Resources and tools mentioned
- Healing Journeys video series (testimonies/DVD)
- Booklet God Wants You Well (renamed Truth About Healing)
- Audio/CD and DVD teachings, study guides
- Reminder cling: “Speak to Your Mountain”
- Prayer line and ministry/prayer ministers for ongoing support
Scriptures and biblical references cited
- Mark 2:1–12 — paralytic healed; Jesus proving authority to forgive sins
- Mark 6 — example of unbelief limiting ministry
- Mark 7 / Matthew 15:23–28 — “children’s bread” (healing is provided)

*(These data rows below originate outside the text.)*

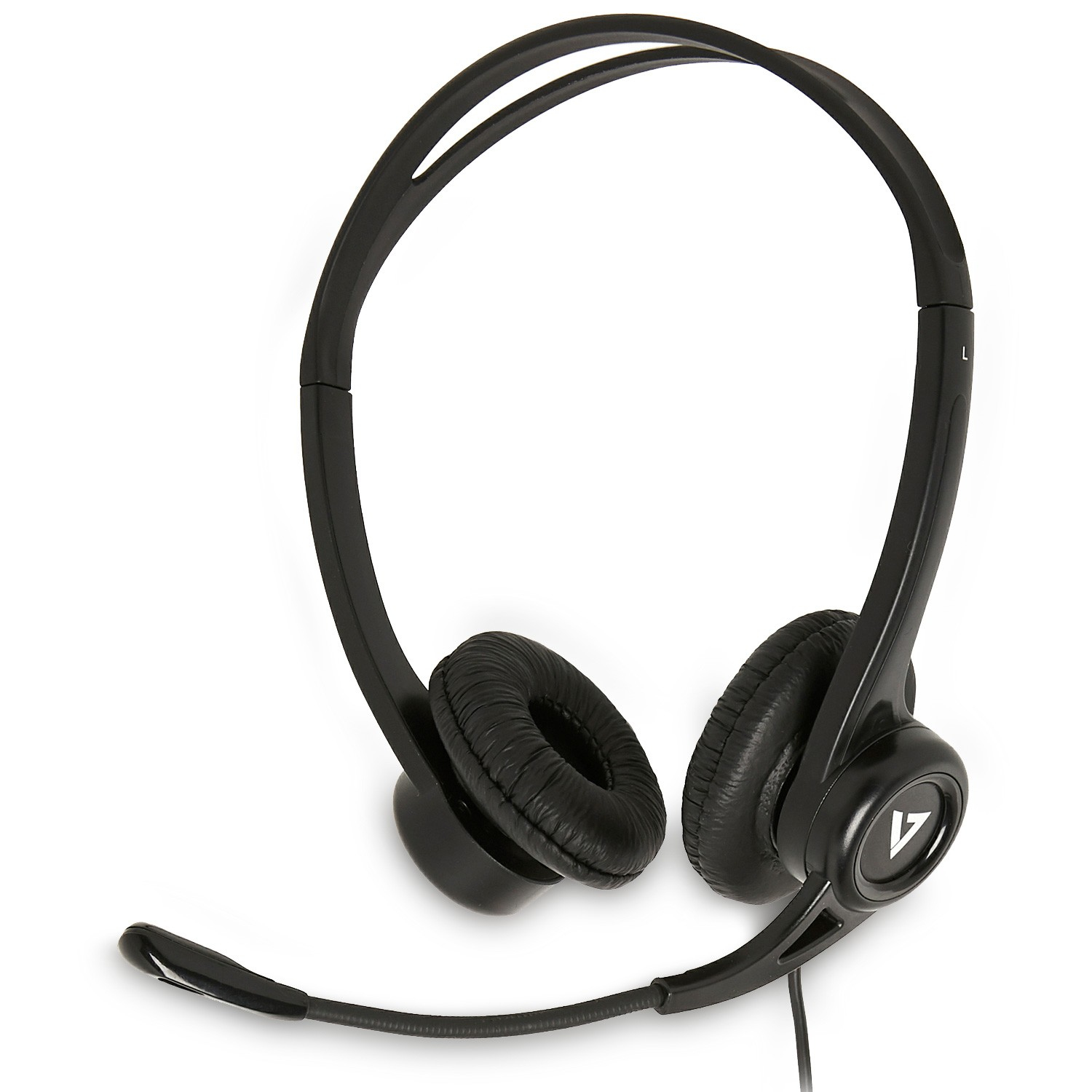 V7 HU311-2EP hörlur och headset Kabel Huvudband Kontor/callcenter USB Type-A Svart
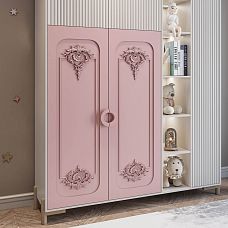 Carved Applique N-417 on cabinet door facade
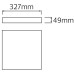 Світильник накладний LED 30W 6400K 2550Lm 170-265V 327*h49мм ІР54 швид. підкл. білий квадр./1/10 ANDREA/S-30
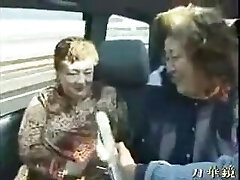 Plumper Jap Grannies on a Tour Bus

- James 5 — elders anointing / prayer of faith
- 3 John 1:2; Psalm 107:20; 2 Peter 1; Colossians 2:6 — on salvation, promises, and faith/knowledge
Presenters and sources
- Andrew (primary speaker / host — Andrew Wommack)
- Jo (co-host)
- Carrie (co-host)
- Historical/testimonial references: Jesus (biblical), Kathryn Kuhlman (reference)
- Testimonies: Gina Boop, Nikki Oshinsky (person prayed for)
- Ministry/team: television crew and Andrew’s Ministry prayer ministers
Notes
The episode emphasizes both receiving healing and learning to maintain it through ongoing faith, knowledge, authority, testimony exposure, and practical stewardship. Resources promoted in the program are intended to be used as ongoing faith-builders and training tools.